To successfully treat root resorption can be a challenge for many clinicians. This is due to the complex nature of the diagnosis. This article aims to cover the main causes of root resorption followed by a treatment plan. Let us first begin by having a brief understanding of root resorption and its types.
What is Root Resorption?
The progressive loss of cementum and dentin due to the action of odontoclasts is known as root resorption (RR). It can occur as a pathological or a physiological phenomenon and it presents in various forms.
There can be external root resorption (ERR) that usually appears on the side of the root. For instance:
- Cervical – Limited to the cemental-enamel junction.
- Localized – Limited to the apical third or coronal-middle of the root.
- Generalized – More than one-third of the surface of the root can be affected.
- Inflammatory – Commonly known as ankylosis, it is a process in which a bone is used in the place of the resorbed tooth structure.
There can also be internal root resorption (IRR) that appears first within the root canal.
- Localized – Can be noticed at any third of the crown or the root.
- Generalized – More than a third of the surface of the root can be affected.
RR can affect the entire root or transpire in any third of the root. It is crucial to detect if RR is IRR or ERR. The reason being, a wrong diagnosis can lead to an ineffective treatment plan. The most identifiable cause of RR is usually trauma. You can clearly tell if the RR is external or internal by preparing a limited CBCT image.
Causes of Adult Root Resorption
EPR can affect the root surface and teeth that have chronic apical periodontitis. It can quickly advance to a point where a complete root surface can be resorbed in a couple of months if it is not treated. Orthodontic tooth movement is one of the most usual causes of RR. If orthodontic pressures are too strong for the patient to endure, it could trigger an internal and external generalized RR. Oral trauma due to automobile accidents, fighting, and athletic injuries can cause RR as well.
The clinical presentation of ankylosis or RER is quite distinct. For instance, there will be a high pitched sound when the tooth is percussed with a mouth mirror handle. After a radiographic image, the clinician will notice three-fourths of the root that can be replaced by a bone. The clinician will also notice that the crown will be quite stable when checked for mobility. Even after the root has been replaced with bone, the tooth will stabilize and function well for years to come.
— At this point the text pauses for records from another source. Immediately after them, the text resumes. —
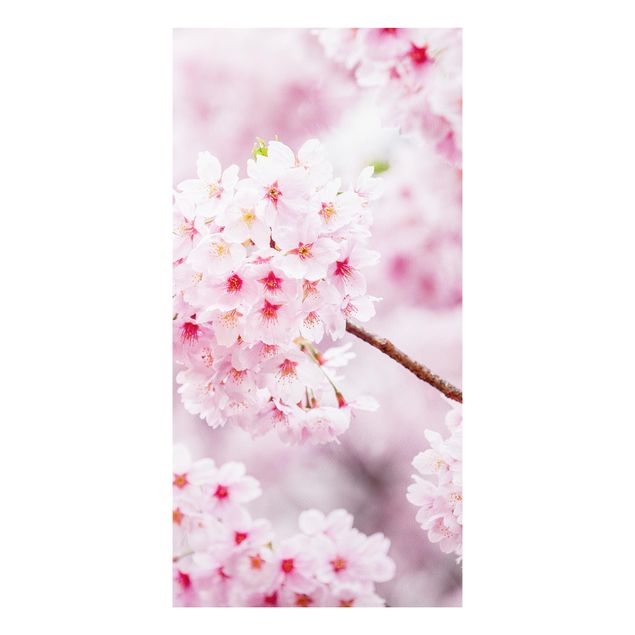 Stampa su Forex - Fioriture di ciliegio giapponesi - Formato verticale 1:2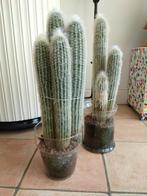 cactussen in glazen pot, Ophalen, Cactus, In pot, Minder dan 100 cm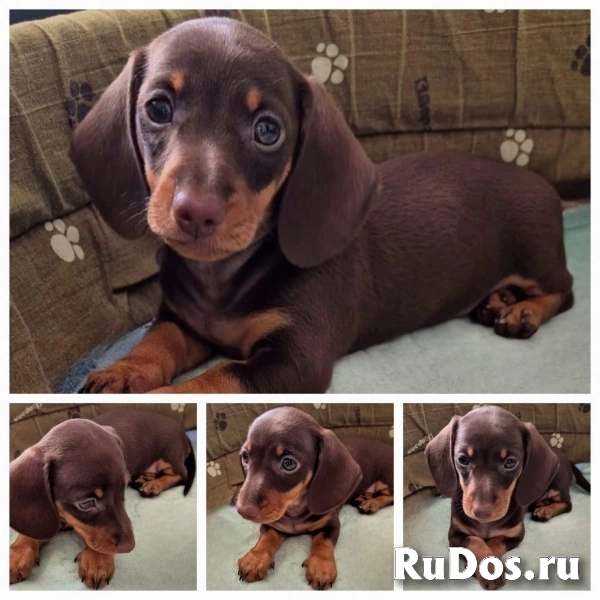 Такса миниатюрная- шоколадный мальчик фото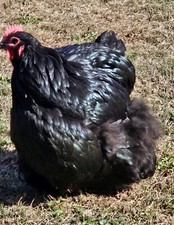 orpington buff hen for sale orpington buff hen for sale Lamar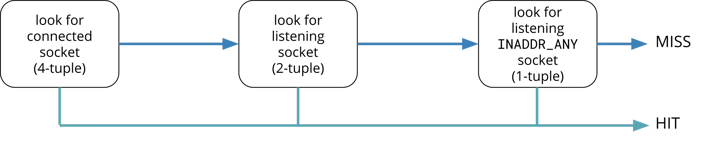 tcp socket lookup-1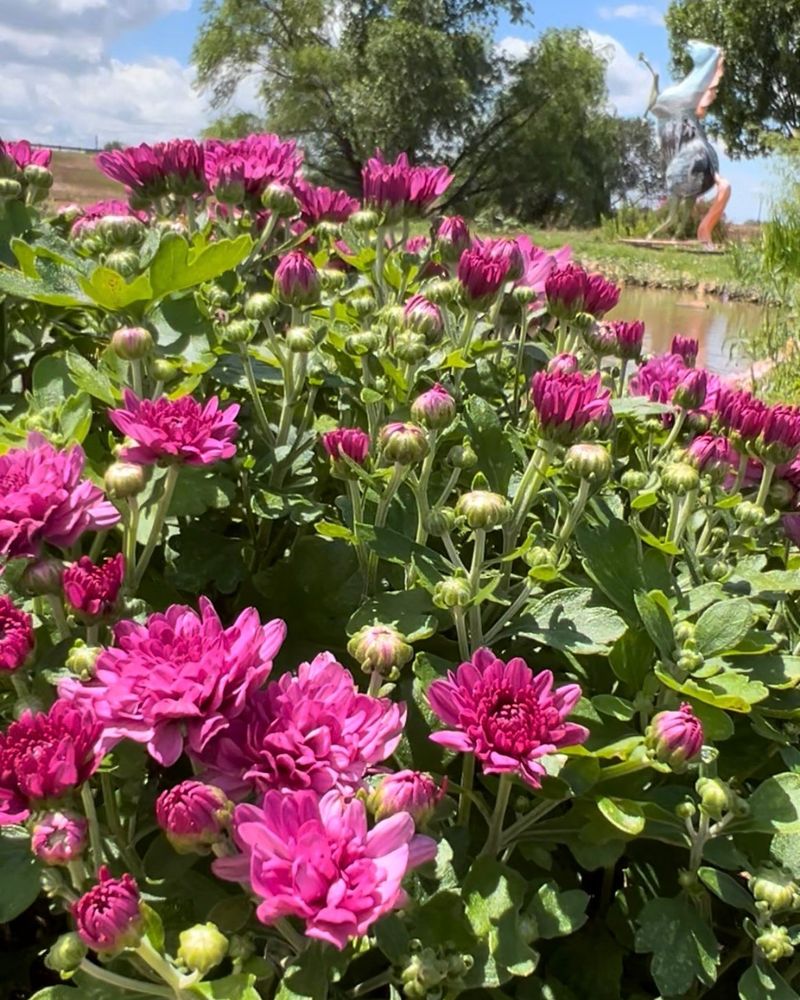 Cooling Fall Weather Helps Blooms Last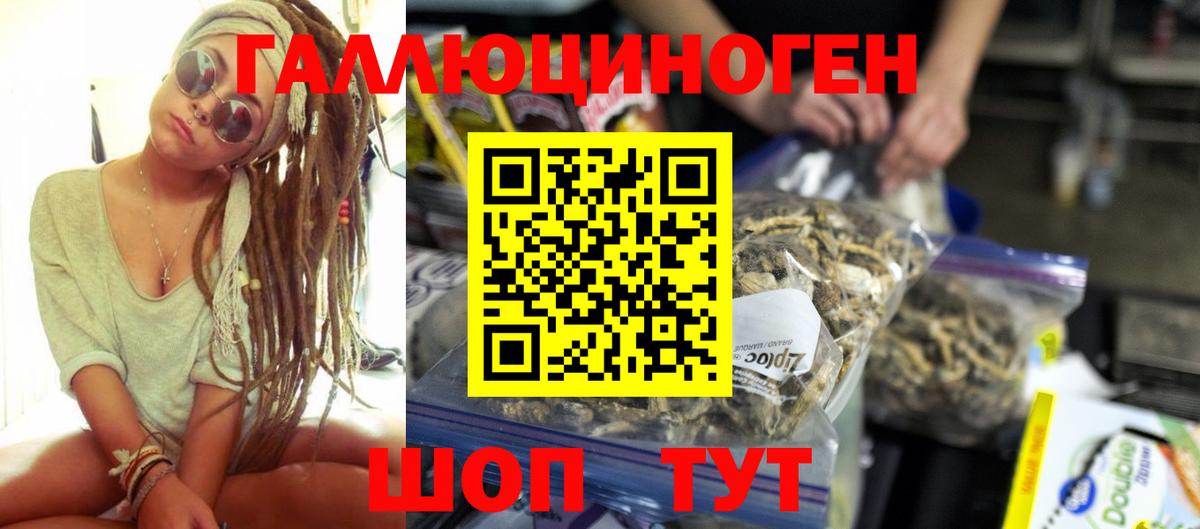 Галлюциногенные грибы Psilocybine cubensis  купить   Выкса  Псилоцибиновые грибы GOLDEN TEACHER  Вход с VPN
Some other causes for RR could be chemotherapy, heating a tooth beyond a certain point during internal bleaching of a crown, and avulsed teeth replantation.
Repairing Root Resorption
Quite a few studies have shown that calcium silicates can be considered for arresting RR. For instance, where access can be gained in the resorptive defect, the medical professional must mix Biodentine and must use an amalgam carrier to carry it to the resorptive defect. Since the initial setting happens between 10-12 mins after mixing, the Biodentine can be carved within a couple of minutes. The biocompatible quality and easy handling of the Biodentine makes it an excellent restorative material for RR.
The clinician must have a heightened suspicion about the occurrence of a RR when the patient has had oral trauma due to an automobile accident, athletic injuries and even fights. RR must also be considered in cases of aggressive orthodontic treatment. After careful clinical testing, the patient must return after 2 weeks to repeat the tests. If the results of both the tests are similar, then request the patient to return in 6 weeks and compare the patient’s current findings to the first test. If there is no change, then the patient must be advised for a follow-up test every 3 months for 2 years.